(DATA)
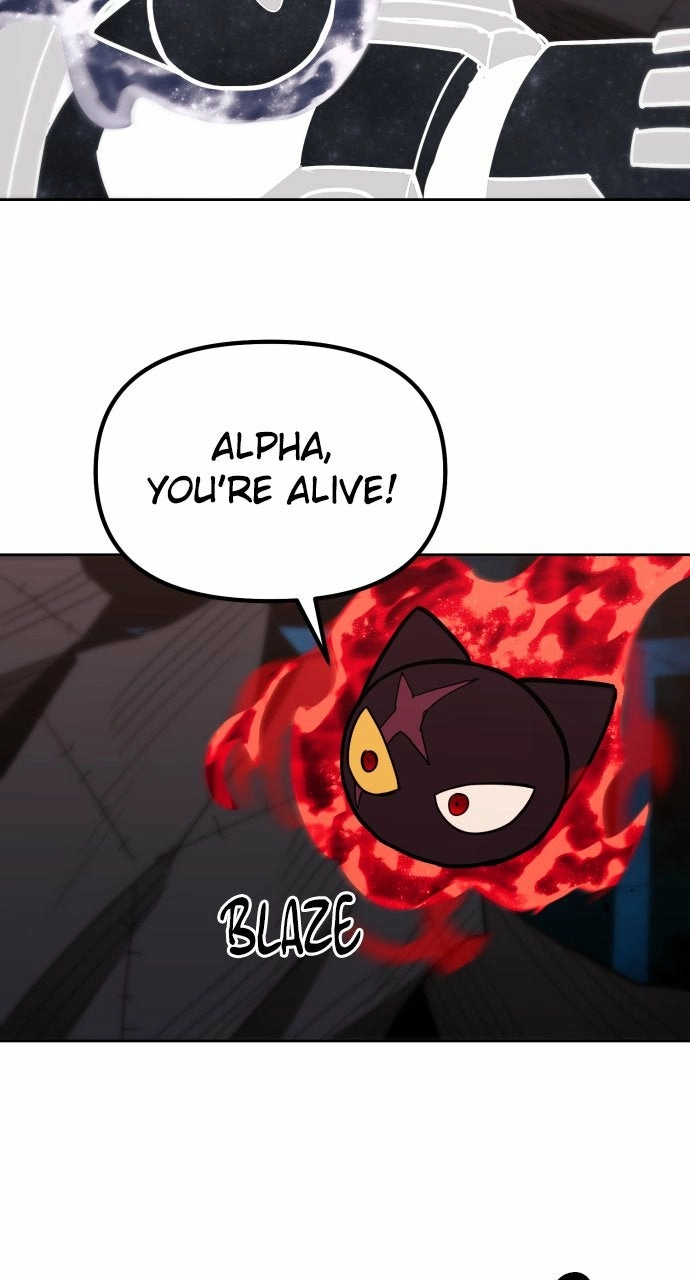 Read Just a Cat Manga Online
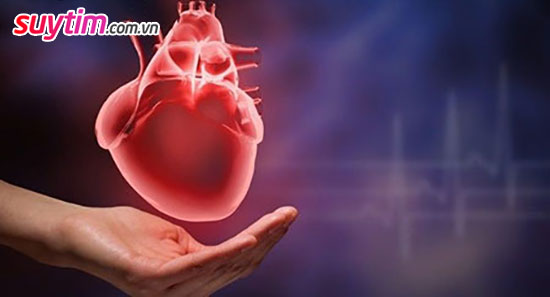 Suy tim sung huyết: Nguyên nhân và cách điều trị hiệu quả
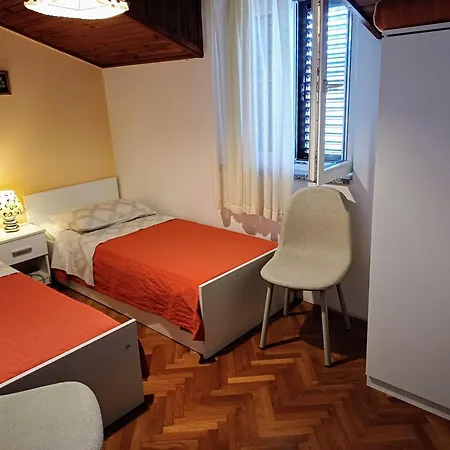 Odak App Rovinj Room photo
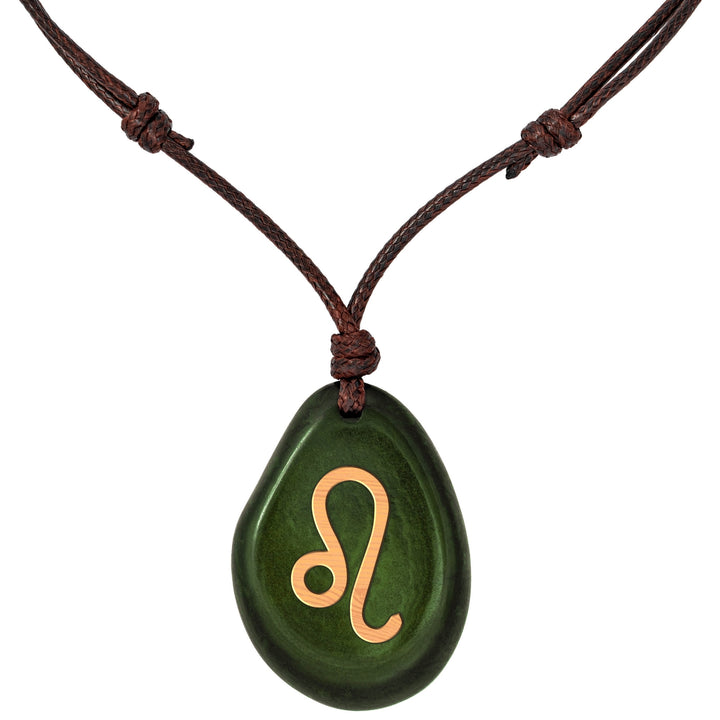 GRÜN Sternzeichen Symbol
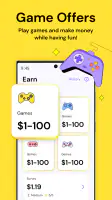 Pawns.app: Surveys for Money screenshot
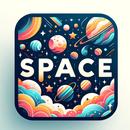 Space Wallpapers 4K Galaxy HD APK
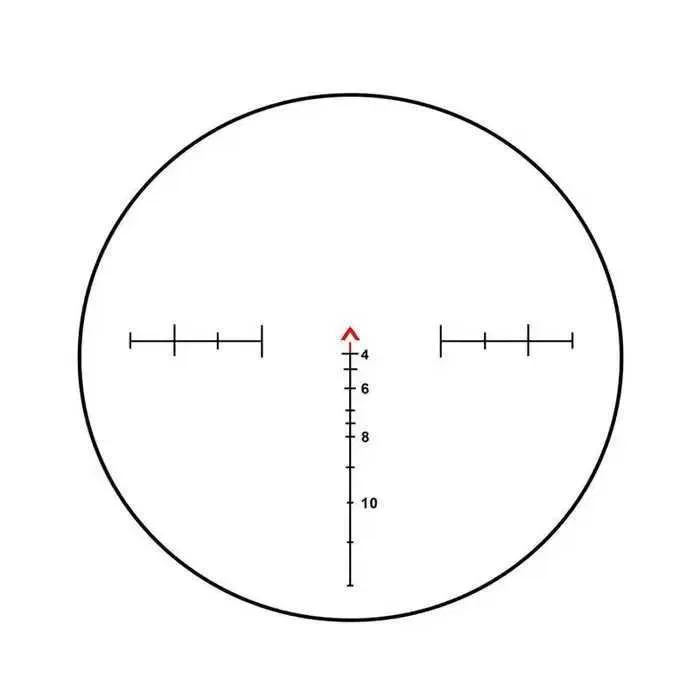 прицел Trijicon ACOG 4x32 USA 4х увеличение AR15, М4, АК74 — фото 8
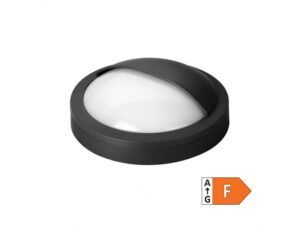 PROSTO LED spoljna svetiljka 18W BL230CP07D-CW/BK 18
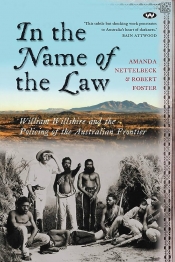 Gillian Dooley reviews 'In the Name of the Law' by Robert Foster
(End DATA)
▶ **PROBLEM TO WORK ON**
Reproduce only the lines from the first line of the entries through the line containing "PROSTO LED spoljna", exactly and with both ends kept. Omit the pictures.

▶ **SOLVED EXERCISE**
 Read Just a Cat Manga Online
 Suy tim sung huyết: Nguyên nhân và cách điều trị hiệu quả
 Odak App Rovinj Room photo
 GRÜN Sternzeichen Symbol
 Pawns.app: Surveys for Money screenshot
 Space Wallpapers 4K Galaxy HD APK
 прицел Trijicon ACOG 4x32 USA 4х увеличение AR15, М4, АК74 — фото 8
 PROSTO LED spoljna svetiljka 18W BL230CP07D-CW/BK 18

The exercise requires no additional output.